Его пронзили жестокие судороги. Я прижала его крепче, и тогда эти судороги перешли в меня. Я вовсе не имею в виду, будто я просто почувствовала их сильнее, чем прежде, или что у меня самой началась дрожь из сочувствия. Его тело окоченело, ноги задергались. Всякий раз, когда его сводило в судороге, где-то в самой сердцевине моего существа рождался такой же вулканический удар и посылал волны потрясения к рукам и ногам. Я не просто ощущала его конвульсии через телесное соприкосновение; я переживала их так, как переживают смертельный ток, схватившись за оголённые провода потрёпанного электрического шнура. Они стали нашими общими судорогами. Мои тонкие вскрики и его мучительные поскуливания звучали в унисон. Мои ноги забились, как у гончей, которая во сне удирает от угрозы. Меня захлестнул запах, похожий на острый луковый, а вместе с ним пришёл вкус — слишком сладкий, чтобы быть приятным. Я знала, сама не понимая откуда, что вытягиваю из Рафаэля яд, который он проглотил, и не только яд, но и ужасные последствия от него, тот вред, который он уже успел нанести его органам и тканям. Его приводили в порядок, делали вновь целым и невредимым. Резкий запах распух до отвратительного зловония. Сладость вкуса стала приторной. Запах и вкус усиливались, срастались в тёмную циклонную массу, которая медленно, но неумолимо вращалась у меня в сознании и затягивала меня в свою воронку, словно я была тем самым моряком-рассказчиком из «Низвержения в Мальстрём» По. Меня накрыла ревущая чёрная тьма.

Без сознания я пробыла, должно быть, не больше минуты или двух. Рафаэль разбудил меня громким сопением и тем, что вылизывал мне лицо. Когда я села, он отступил на шаг и встал, тяжело дыша, но не от собачьей тревоги, а с той оживлённой ноткой, которая звучала в нём, когда он был в самой гуще ночных приключений детей. У меня не было даже краткого замешательства насчёт того, что произошло. Я вернула пса с порога смерти к полному здоровью.

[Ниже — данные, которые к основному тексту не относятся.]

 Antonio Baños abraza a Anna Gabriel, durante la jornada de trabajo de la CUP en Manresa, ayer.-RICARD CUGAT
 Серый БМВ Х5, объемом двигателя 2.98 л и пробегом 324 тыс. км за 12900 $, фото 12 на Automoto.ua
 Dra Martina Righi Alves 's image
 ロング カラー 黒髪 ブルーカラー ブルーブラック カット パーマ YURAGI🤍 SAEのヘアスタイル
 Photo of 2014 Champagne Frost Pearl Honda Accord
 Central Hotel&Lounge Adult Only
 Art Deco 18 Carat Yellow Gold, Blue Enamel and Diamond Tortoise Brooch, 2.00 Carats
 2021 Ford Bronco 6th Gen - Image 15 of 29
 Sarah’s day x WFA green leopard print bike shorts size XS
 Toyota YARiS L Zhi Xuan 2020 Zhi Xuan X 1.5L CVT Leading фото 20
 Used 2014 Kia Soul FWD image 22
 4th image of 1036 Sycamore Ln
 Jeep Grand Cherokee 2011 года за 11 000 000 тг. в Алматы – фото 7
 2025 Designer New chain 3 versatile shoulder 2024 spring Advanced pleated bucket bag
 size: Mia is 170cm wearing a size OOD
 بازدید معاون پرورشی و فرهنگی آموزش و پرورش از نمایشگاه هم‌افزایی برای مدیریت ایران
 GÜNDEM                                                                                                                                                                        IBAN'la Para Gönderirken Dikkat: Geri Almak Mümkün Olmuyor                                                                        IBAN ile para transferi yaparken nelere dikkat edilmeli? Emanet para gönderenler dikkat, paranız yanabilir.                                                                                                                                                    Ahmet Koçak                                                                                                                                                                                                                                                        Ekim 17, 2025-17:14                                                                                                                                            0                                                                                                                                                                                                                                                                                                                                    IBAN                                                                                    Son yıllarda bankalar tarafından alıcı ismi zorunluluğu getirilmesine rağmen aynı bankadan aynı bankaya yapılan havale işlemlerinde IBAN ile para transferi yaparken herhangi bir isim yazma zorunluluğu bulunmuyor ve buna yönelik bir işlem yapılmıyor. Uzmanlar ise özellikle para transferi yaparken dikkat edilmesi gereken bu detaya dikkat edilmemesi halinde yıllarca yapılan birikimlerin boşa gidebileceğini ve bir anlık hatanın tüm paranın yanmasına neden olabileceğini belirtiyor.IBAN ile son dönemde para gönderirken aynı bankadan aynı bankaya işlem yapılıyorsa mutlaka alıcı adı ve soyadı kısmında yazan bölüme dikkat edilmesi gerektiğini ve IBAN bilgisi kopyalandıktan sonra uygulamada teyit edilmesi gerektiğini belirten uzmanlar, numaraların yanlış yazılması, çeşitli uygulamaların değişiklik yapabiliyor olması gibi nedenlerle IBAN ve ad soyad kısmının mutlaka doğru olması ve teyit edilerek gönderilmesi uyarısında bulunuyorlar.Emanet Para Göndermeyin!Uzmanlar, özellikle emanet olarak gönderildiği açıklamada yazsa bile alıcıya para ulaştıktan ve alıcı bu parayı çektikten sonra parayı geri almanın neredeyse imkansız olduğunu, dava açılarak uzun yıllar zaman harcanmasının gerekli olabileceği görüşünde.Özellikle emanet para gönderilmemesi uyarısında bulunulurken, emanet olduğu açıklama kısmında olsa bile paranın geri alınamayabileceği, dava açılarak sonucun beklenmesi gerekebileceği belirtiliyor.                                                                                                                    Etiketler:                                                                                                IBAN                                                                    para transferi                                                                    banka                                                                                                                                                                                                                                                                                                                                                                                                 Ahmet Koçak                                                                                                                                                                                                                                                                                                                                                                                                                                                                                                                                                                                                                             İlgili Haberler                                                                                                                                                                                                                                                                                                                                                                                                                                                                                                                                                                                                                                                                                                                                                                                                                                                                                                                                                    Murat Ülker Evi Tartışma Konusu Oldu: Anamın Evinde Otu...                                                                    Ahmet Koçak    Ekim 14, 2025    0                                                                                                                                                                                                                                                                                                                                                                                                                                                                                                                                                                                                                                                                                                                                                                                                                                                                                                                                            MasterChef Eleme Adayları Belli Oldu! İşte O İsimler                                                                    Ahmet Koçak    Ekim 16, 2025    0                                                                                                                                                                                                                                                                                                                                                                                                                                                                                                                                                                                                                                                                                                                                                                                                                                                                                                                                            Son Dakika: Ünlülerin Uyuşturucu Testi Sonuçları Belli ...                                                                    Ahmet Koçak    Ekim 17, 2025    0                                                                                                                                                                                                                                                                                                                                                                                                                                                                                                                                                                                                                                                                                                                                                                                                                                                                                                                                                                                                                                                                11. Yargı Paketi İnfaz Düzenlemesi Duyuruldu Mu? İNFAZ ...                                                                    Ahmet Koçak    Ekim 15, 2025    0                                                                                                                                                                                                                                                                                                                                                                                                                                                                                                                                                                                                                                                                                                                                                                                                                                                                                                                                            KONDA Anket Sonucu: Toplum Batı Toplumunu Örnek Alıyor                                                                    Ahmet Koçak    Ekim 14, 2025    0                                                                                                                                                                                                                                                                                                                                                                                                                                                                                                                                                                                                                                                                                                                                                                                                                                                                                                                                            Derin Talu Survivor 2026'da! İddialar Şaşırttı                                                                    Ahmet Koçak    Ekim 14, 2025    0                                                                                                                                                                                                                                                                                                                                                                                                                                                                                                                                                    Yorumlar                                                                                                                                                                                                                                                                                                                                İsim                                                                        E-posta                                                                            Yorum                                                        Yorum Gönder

В чём состояло случившееся, отрицать было невозможно, но как это произошло — не поддавалось объяснению. Я не была наделена даром исцелять. Будь у меня такой дар, он наверняка проявился бы много лет назад — когда у меня на руках умирала птица со сломанным крылом, когда я сидела у постели другой человеческой диковины из Музея диковин, умирающей от сердечной недостаточности. Когда я прижимала к себе Рафаэля, мне показалось, будто его судороги становятся моими, а не остаются его, будто яд переселяется из него в меня. Если нечто подобное в самом деле произошло, я должна была бы сейчас умирать — или уже умереть. Однако я чувствовала себя превосходно, пожалуй, даже лучше, чем когда вышла гулять по саду.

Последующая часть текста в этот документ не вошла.